Take today for instance.

8am Wake up, read. snooze and chat for another hour. Get up, shower, breakfast. I sort the laundry, Deb puts a load on and starts tidying while I do the dishes.
10.30am Drive into town. We need to buy some heaters, so stop off and get an oil-filled heater for the nursery to be and a fan heater for the kitchen. Pay the bill for the curtain. Look at rugs. Eat a sausage from a sausage sizzle.
11.45am Drive into my work. Eat lunch at the cafe there, very nice lattes. I go up and get some stuff from the office I'd forgotten yesterday. Quick look in the bookshop.
1pm Home again. House no cleaner. More laundry. Dust, vacuum and tidy throughout house. Take stuff down to the shed that somehow hasn't taken itself down.
2.30pm Finally finished, for today, the chores and errands that needed doing.

Anyway, my point is, it takes most of a Saturday to just get our lives in some sort of order and do various things we'd put off during the week. And once that's done, we're usually too tired to do much else.

Sunday's, then, are days for doing what should be done in a weekend. Relaxing, going out, eating, exercising, movieing, doing stuff around the house. But the joy of Sunday is always tempered, around mid-afternoon, by the realisation that you've got to go to work tomorrow. And that starts becoming increasingly important as you begin to get your mind ready to handle that.

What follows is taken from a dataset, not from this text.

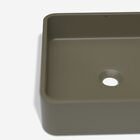 Cuba De Banheiro Concreto Apoio Quadrada 39 Cm (guna Musgo)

So, you really do need a third day in the weekend. That would take the burden off Sunday and you could just enjoy the day. And the third day, say Monday, you would be rested, relaxed and able to gently move yourself towards the working week.

Yesterday I finished work a little early and went on a class trip with Deb's Communication class.  There's an exhibition at the Art Gallery - 'The exhibition of the Century', a collection of modern art from the Stedelijk Museum in Amsterdam. The class got a guided tour around the exhibition and I tagged along as well.

There's a wonderful line in the movie 'Afterglow'. The main character, a handyman played by Nick Nolte, is looking at some art hanging in a yuppie woman's home. He says, "I don't know what I like, but I know what art is. And that's art"

That was kinda my reaction to the art exhibition. I didn't quite know what I liked, but by god it was art. There were painting by Van Gogh, Cezanne, Picasso, Mondrian, Pollock, Lichtenstein and Kandinsky - among others.

Actually, I did enjoy it. And want to go back and take more time looking. Seeing the scale and vibrancy and colour of the paintings in real life, as opposed to in a book, or on a postcard or a t-shirt, can take your breath away. Maybe I just need to look at more paintings.

Oh, and finally, bought a connection that should allow me to record real audio from my stereo, ie records and tapes as opposed to just cd's on the computer. Gonna try it out now.